Com experiência de atuação com cacauicultores em território baiano, Ricardo Gomes enumera três valores estratégicos e três desafios para a Amazônia. Os valores estratégicos são a ampliação da inclusão socioprodutiva das comunidades rurais, a geração de riqueza para os territórios e a criação de oportunidade de conectar a atividade à agenda climática, principalmente no aspecto da restauração produtiva.
No âmbito dos desafios, Gomes cita a necessidade de um modelo de reconhecimento do valor agregado do cacau produzido em consórcio com a floresta para garantir uma remuneração diferenciada; a implementação de instrumentos, como o PSA, que ajudarão a manter o agricultor no campo; e a assistência técnica adaptada ao modelo de produção agroflorestal, juntamente com acesso a crédito. “Todos esses arranjos são importantes para garantir que a produção de cacau se mantenha nesse modelo sustentável de sistemas agroflorestais”, diz.
Sobre como superar o desafio logístico de infraestrutura na Amazônia, Ricardo Gomes explica que nenhuma iniciativa naquele bioma é trivial, dado o território gigantesco e a deficiência em infraestrutura. A solução é atrair governos estaduais e municipais, além de players do cacau para participar dessa cooperação, juntamente com o Terceiro Setor.
“A partir dessa construção de estratégias em rede, alinhadas à agenda climática, à geração de renda e à oportunidade de inclusão produtiva, é possível viabilizar a atividade não só em comunidades mais favoráveis do ponto de vista logístico”, acredita Ricardo Gomes.
A ponte de cooperação que se procura erguer entre os dois biomas a partir dessa edição do Notas Amazônicas é uma forma, segundo Georgia Jordão, de democratizar o acesso a certas atividades que ainda não fazem parte da realidade de muitas comunidades amazônidas. Mas atividades econômicas, mesmo quando conectadas à manutenção do bioma, como a cabruca, devem ser planejadas com muita atenção à já combalida biodiversidade.

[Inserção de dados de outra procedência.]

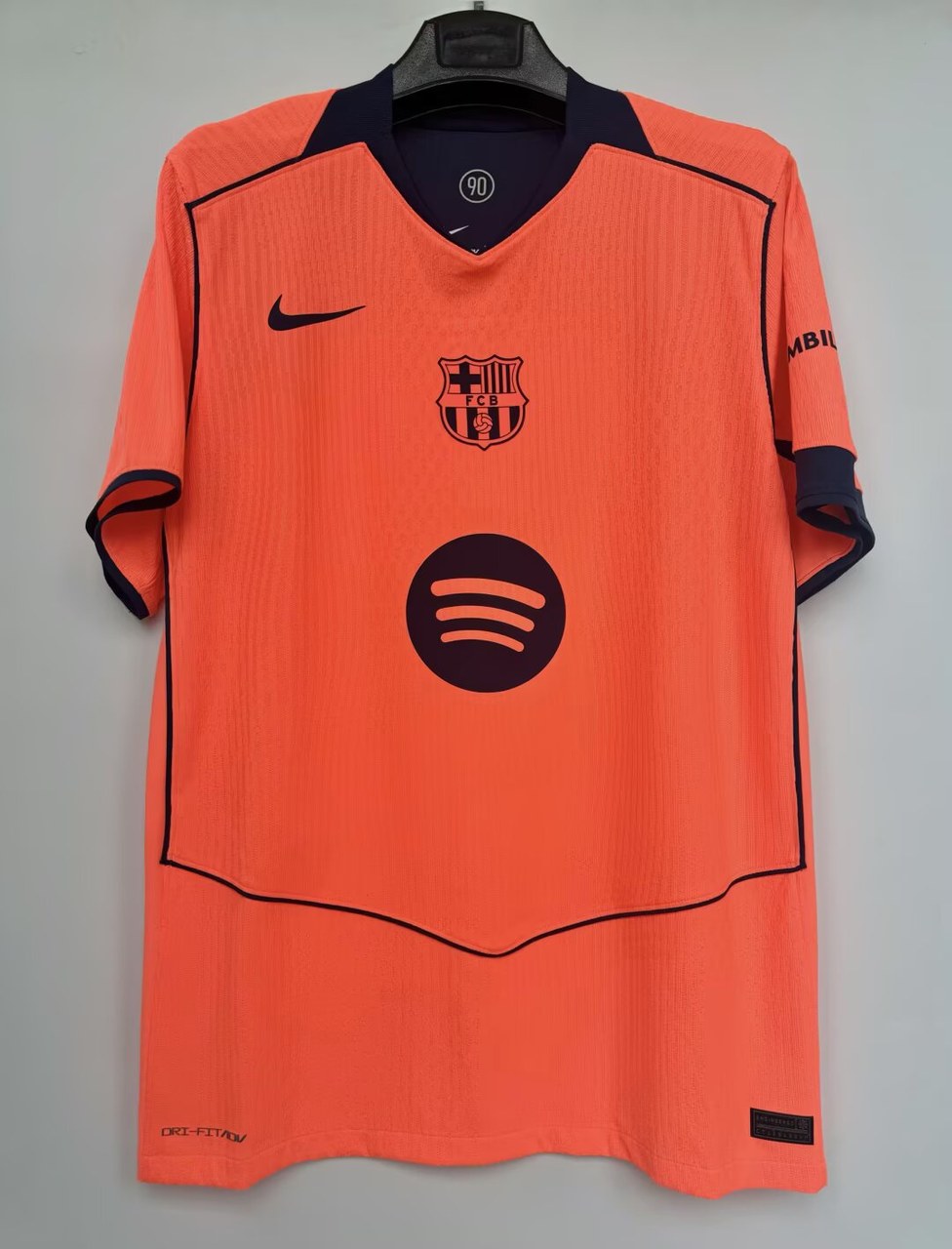 Barcelona Third Player Football Jersey 2025/2026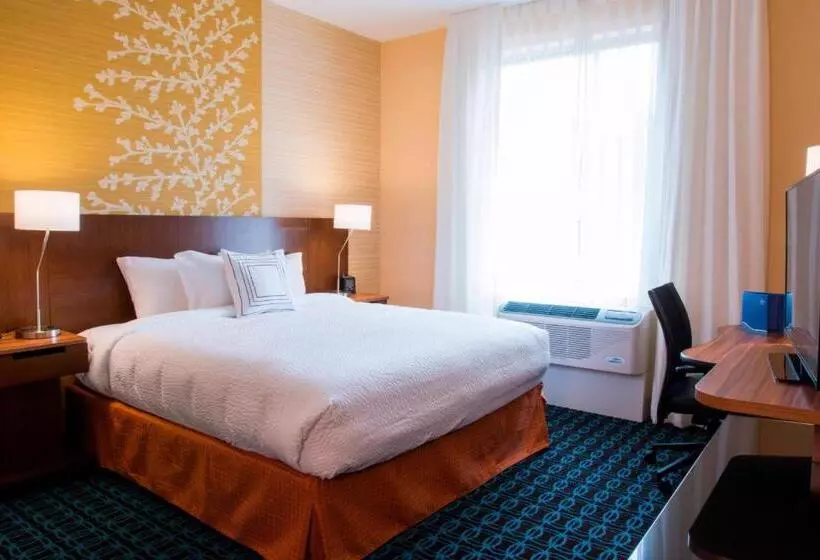 キングサイズベッドのスタンダードルーム, Fairfield By Marriott The Dalles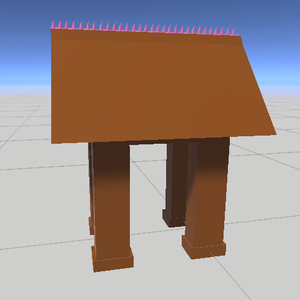 【3Dモデル】優しい三角木馬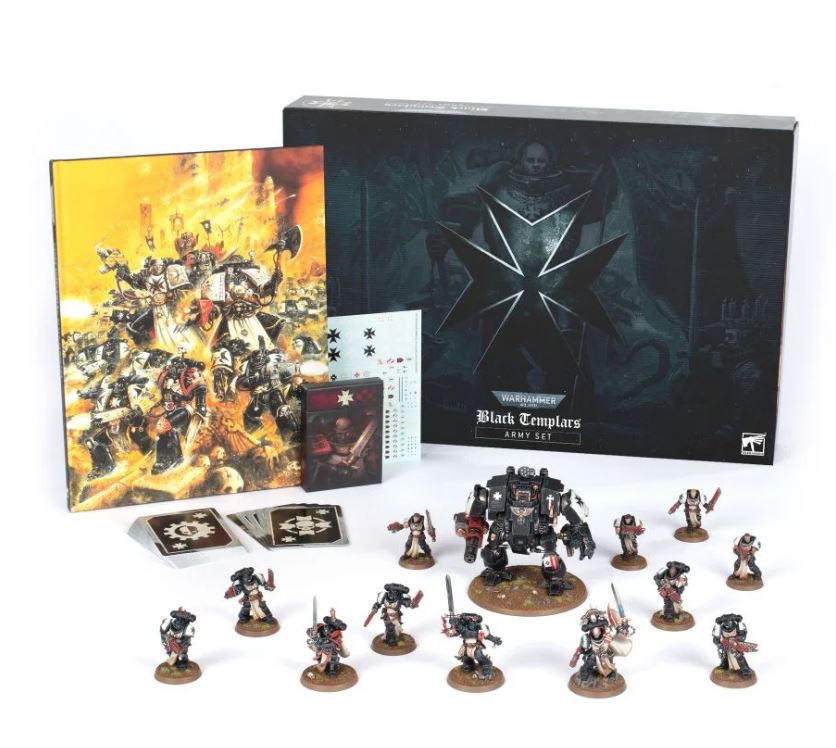 Black Templars Army Set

O conjunto de países da América Latina e Caribe acumula um declínio de nada menos que 94% na saúde das populações de fauna e flora monitoradas desde 1970 pelo Índice Planeta Vivo do WWF, frente a um decréscimo de 69% no âmbito global. A organização ambiental afirma que, “embora os esforços de conservação estejam ajudando, é preciso agir com urgência se quisermos reverter a perda da natureza e adotar soluções integradas”.
Mais um motivo para revisitar John Muir que, em um tempo tão distante, antecipou os problemas ambientais e lutou pela criação de áreas protegidas em seu país. Apaixonado pela natureza, ele dizia: “em cada caminhada com a natureza recebemos muito mais do que procuramos”.